Pre amplifier

Thread Starter

justin77

Joined Apr 3, 2010
19
How can i use a 50 watt amplifier as a pre amplifier for a another amplifier?

Can i install a series resistor to reduce the output so that it would act as a pre amp?
 

retched

Joined Dec 5, 2009
5,207
Why would you want to?

If you want the processing of the 50w amp, check to see if there is a LINE out. This will be a PRE-AMPED output that you can run to another amp for amplification. Start at a low gain on the pre-amp. You dont want to blow the input on the 2nd amp.
 

Thread Starter

justin77

Joined Apr 3, 2010
19
Nope there isn't a line out. And i forgot to mention that the other amplifier does not have a pre amp. So if i put a 20K resistor in series with the 50Watt output and connect will it harm the other main amp?
 

retched

Joined Dec 5, 2009
5,207
Most likely, yes. You probably shouldnt put more than .25w into the input of the other amp. There are devices that do this for you.. Im guessing thats what you want.. I know for cars there is a device that takes the high watt speaker signal and trims it down to a line signal for amp input.
 

Bychon

Joined Mar 12, 2010
469
You need to use at least 2 resistors per channel. One in series and one to ground.

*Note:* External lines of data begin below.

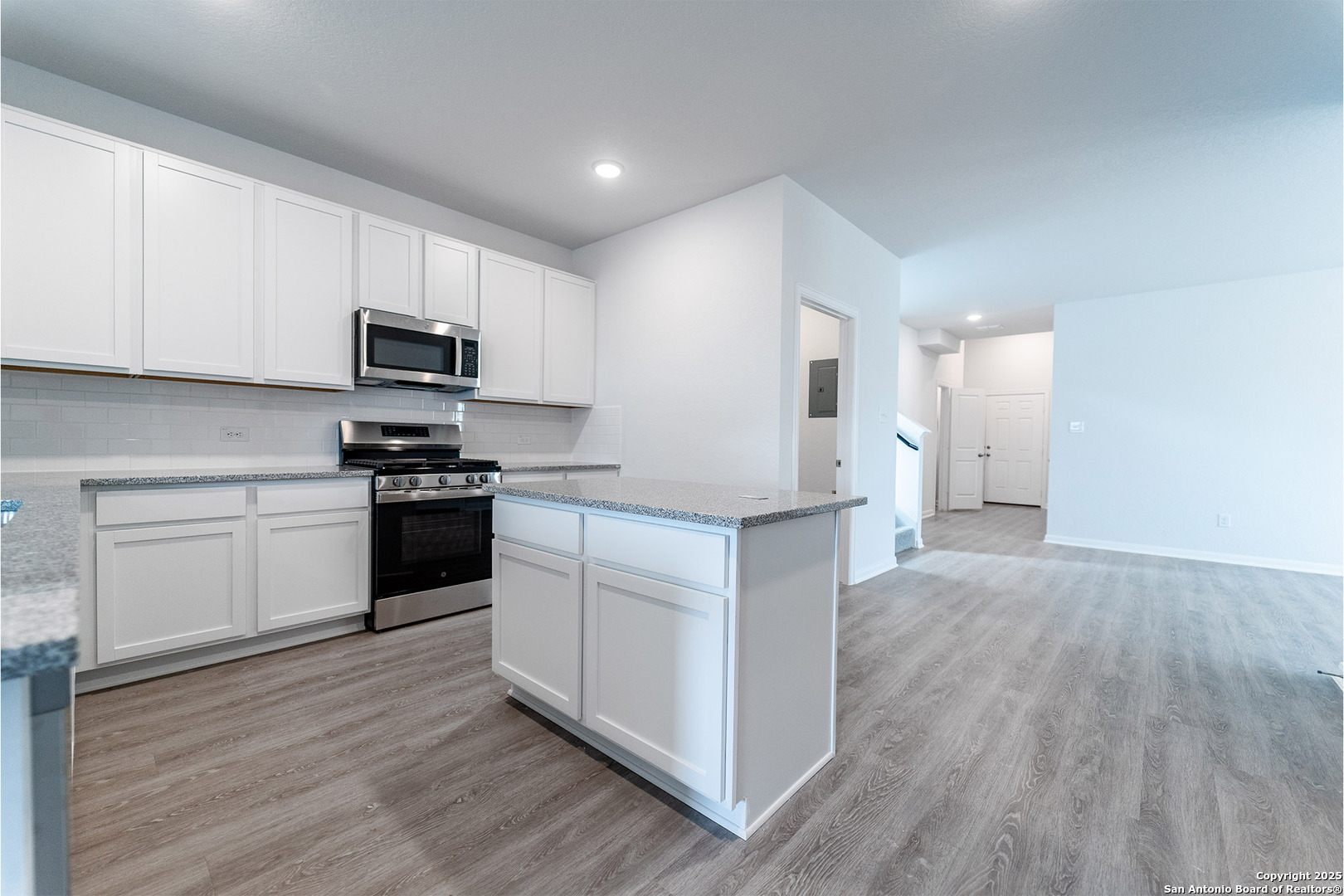 6632 Cibolo Springs Converse, TX 78109 - Photo 7 of 16 a kitchen with granite countertop white cabinets and stainless steel appliances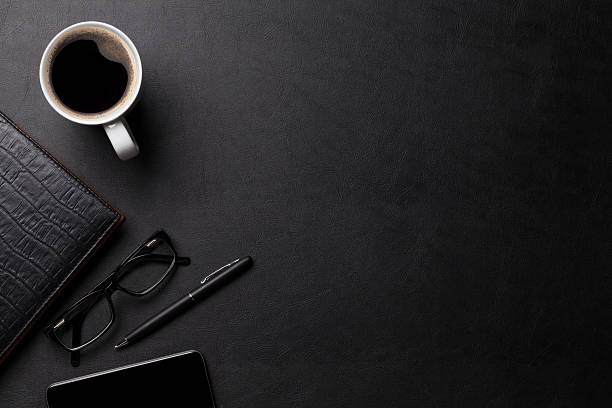 istock Office leather desk table with coffee and supplies 514411672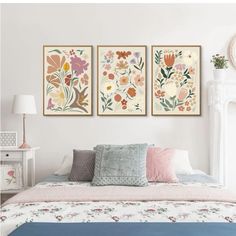 three paintings on the wall above a bed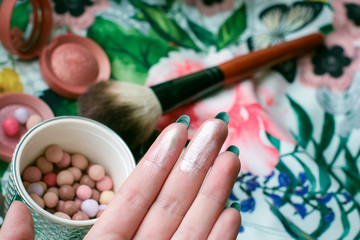 Highlighter pearl color for face and shining powder, makeup brushes. Fashionable glitter make up at home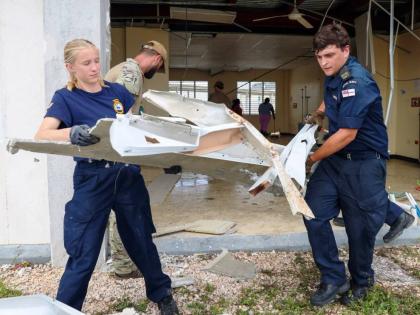 Specialist personnel from the Royal Navy’s HMS Trent assisting hospital workers clearing the debris at Falmouth Hospital in Trelawny.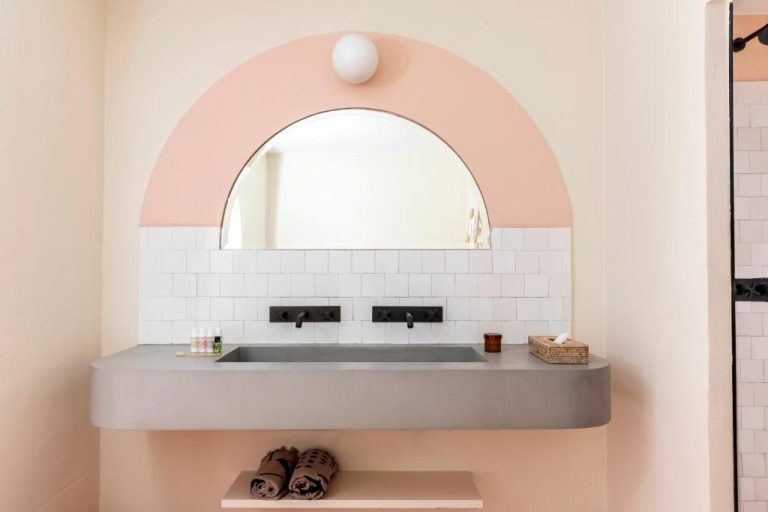 Baño de diseño con lavabo de hormigon y espejo arqueado en el Hotel Menorca Experimental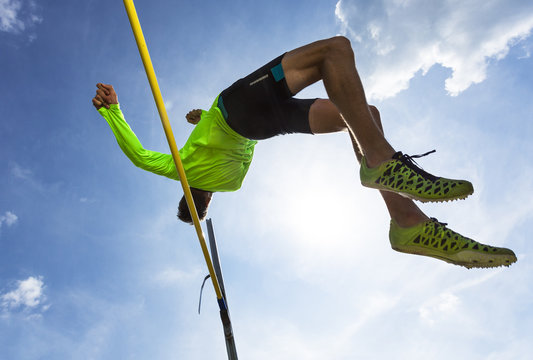 Germany, Man athlete jumping Hurdles on track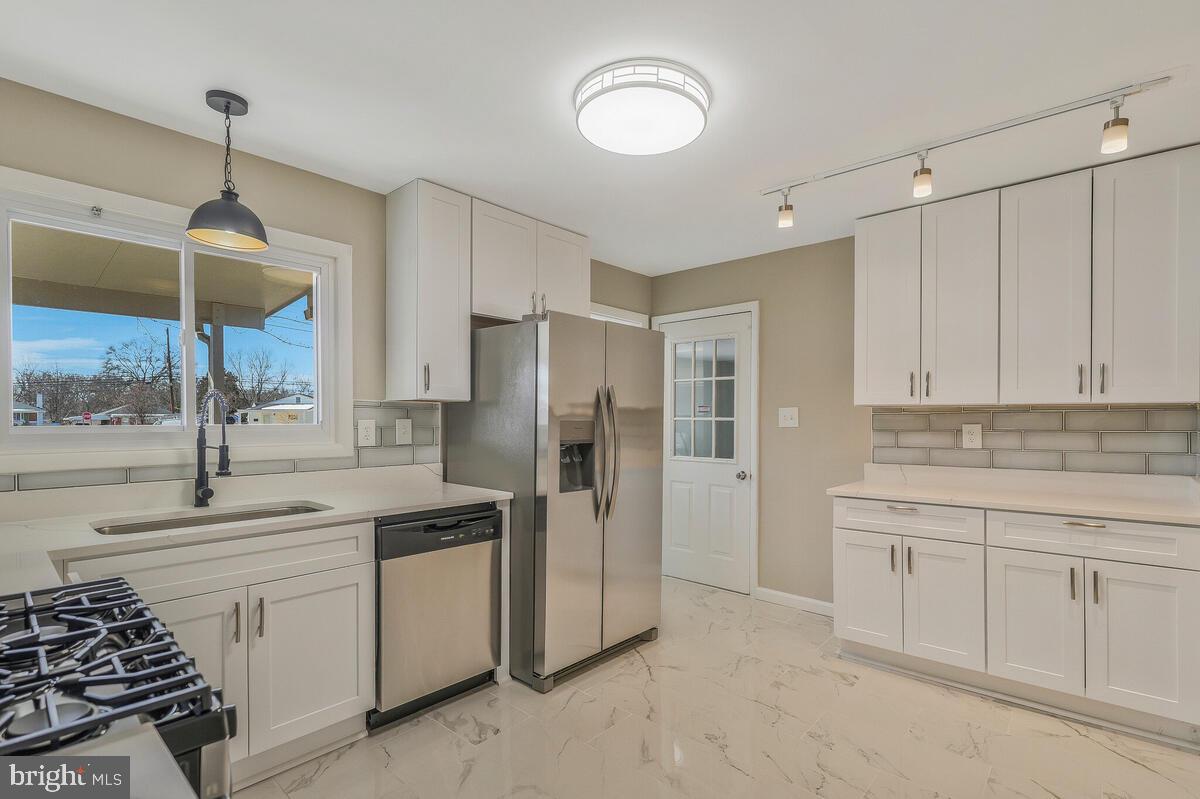 6200 Auth Road Suitland, MD 20746 - Photo 9 of 30 a kitchen with a sink stainless steel appliances and cabinets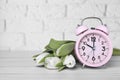 Pink alarm clock and beautiful tulips on white wooden table against brick wall, space for text. Spring time Royalty Free Stock Photo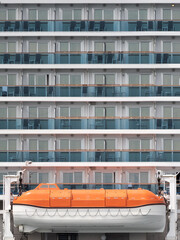 Lifeboat against rows of passenger cabins on big cruise ship at day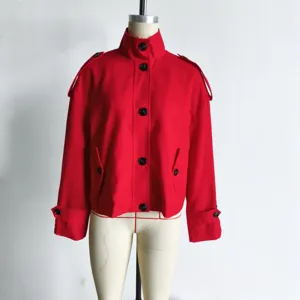 Red short trench coat detail, stand collar design with black buttons and stylish epaulets.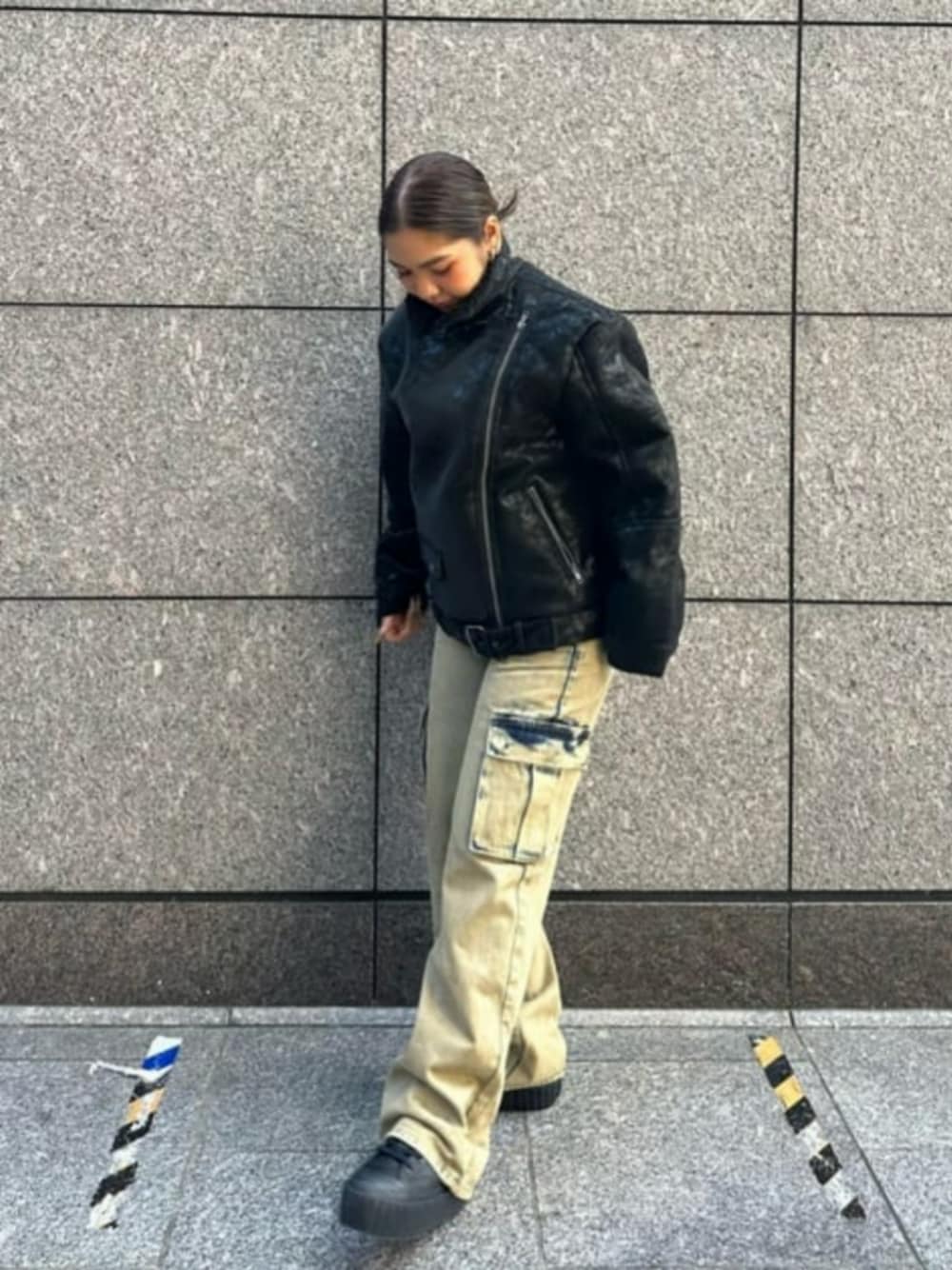 ブラック系のライダースジャケット、イエロー系のカーゴパンツを着用したレディースの秋コーディネートの1枚目の写真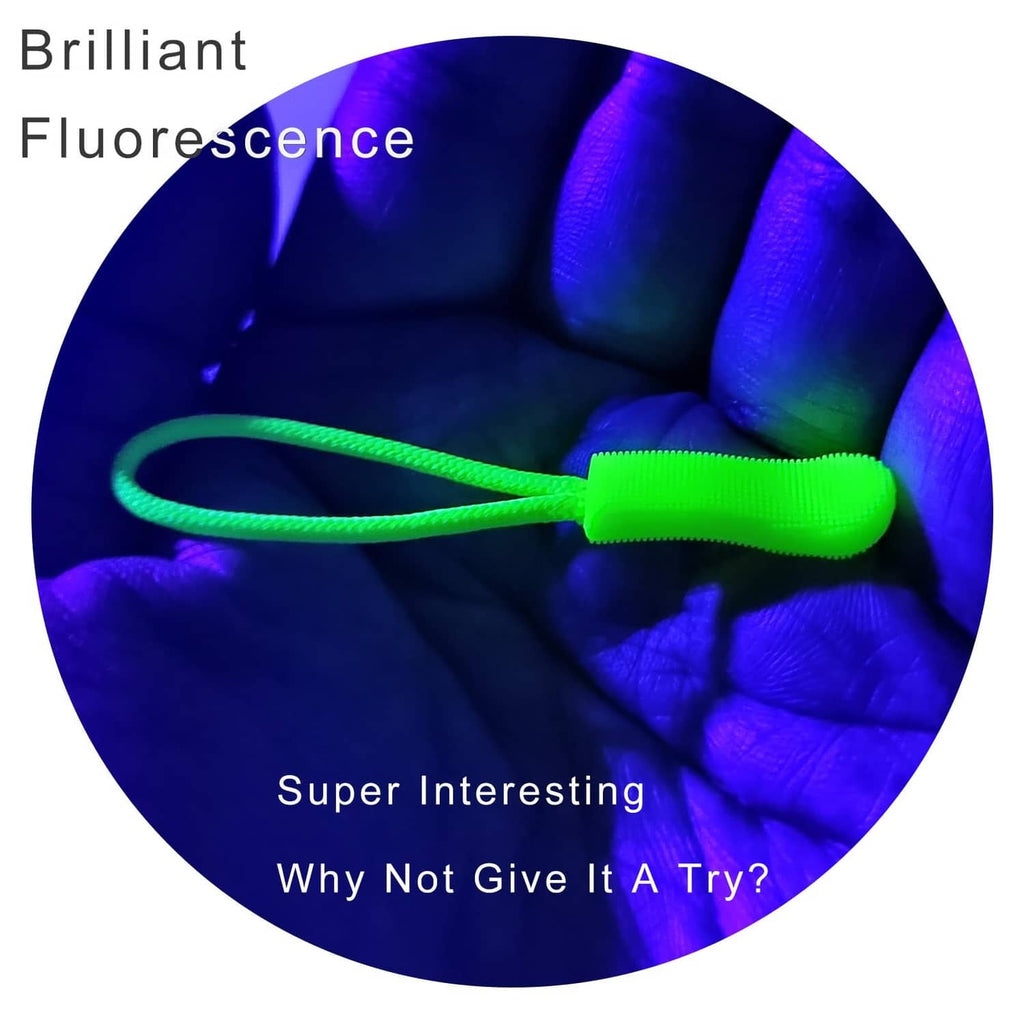 Neon green zipper pull with looped cord and ridged grip end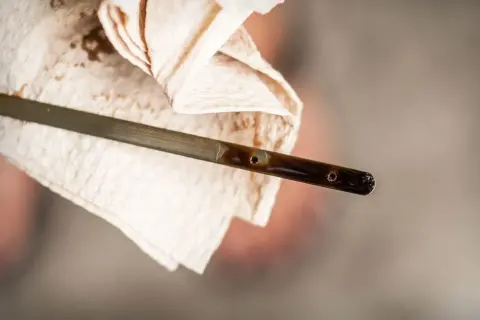 Medidor de aceite de coche con líquido oscuro, mostrando cómo se mira el aceite del coche.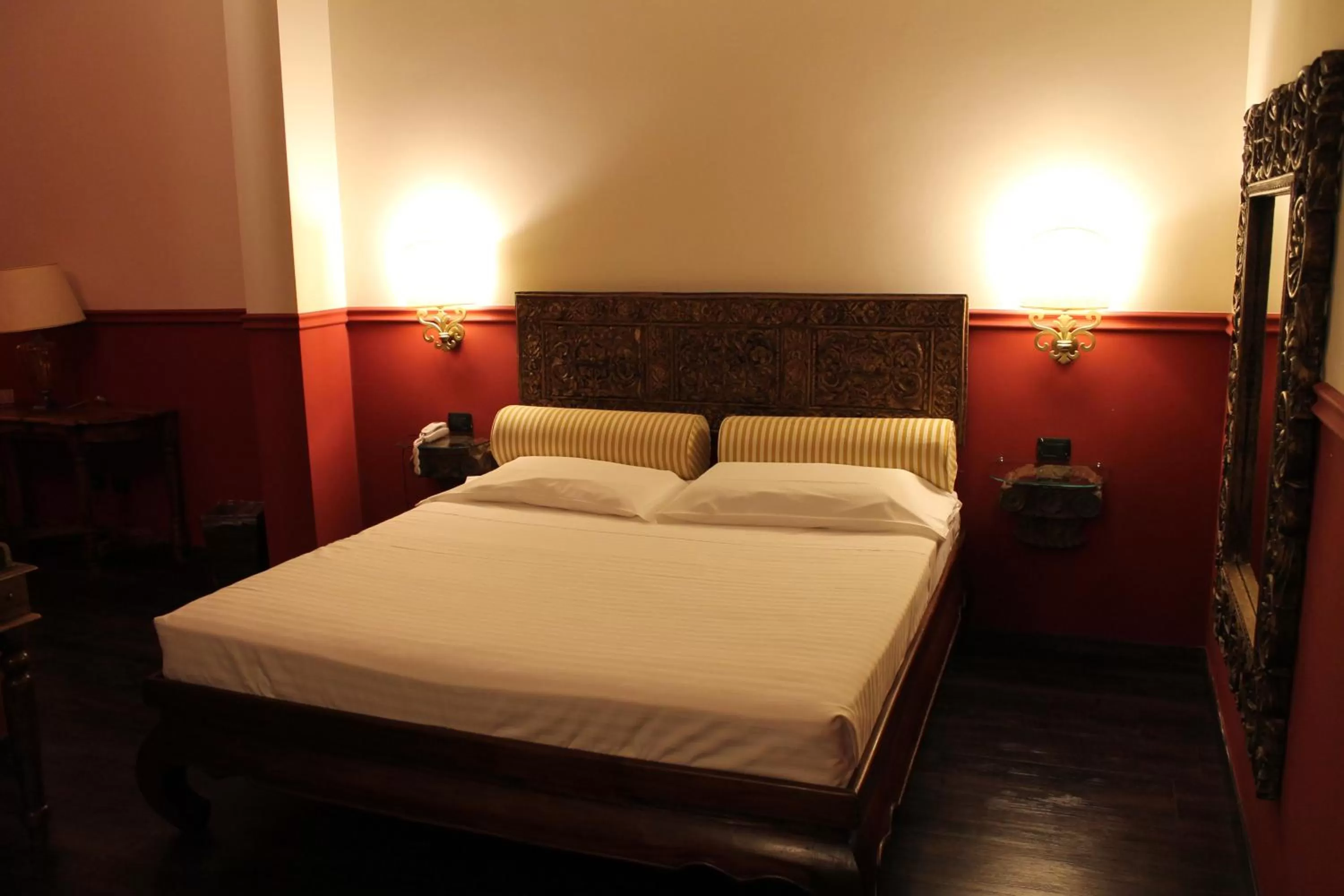 Bed in Hotel Don Carlo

You calculate the voltage the amp can put out and calculate resistor values to cut the voltage down to the right level to drive the input of the pre-amp. Also calculate the power the resistors will be required to handle so they don't smoke.

A 50 watt amp driving 8 ohms will have available more than 28 volts peak. You want to keep the 50 watt amp turned down to a tenth of its maximum power so music peaks don't get distorted. It will still hit 28 volts peak, but 90% of music information is in the bottom 10% of the power. If your pre-amp can handle 1 volt peak input, you calculate to chop 28 volts down to 1 volt. 27k ohms in series, 1 k ohm to ground, and presto...28 volts just became one volt. With these values, common quarter watt resistors will not smoke.

In addition, you have to consider if the 50 watt amp output doesn't use the normal ground as one side of its output. Connecting a 2 channel amp to a 2 channel pre-amp could blow the whole deal if the ground system isn't right. Now we're talking about transformers to isolate the big amp's 2 channels from hurting each other. That still requires math, but the job changes to finding audio quality transformers with the right ratio and power handling abilities.

I hope this gets you on the right track. I actually did this job to get an electric piano to drive other amplifiers in a band.
 

retched

Joined Dec 5, 2009
5,207
I would follow Bychons advice with one added note. Follow what he said in your calculations for the MAX power the 50w amp can provide, and when you THINK your done, check your output on a meter well before pluging it into your amp. Also, Start at the lowest gain level and find a good setting to use as MAX when using this as a pre-amp device.

If you already have an keyboard or instrument with a line out, measure it with a meter while playing it at a fairly high level and use that as your base line to match for your 50w amp.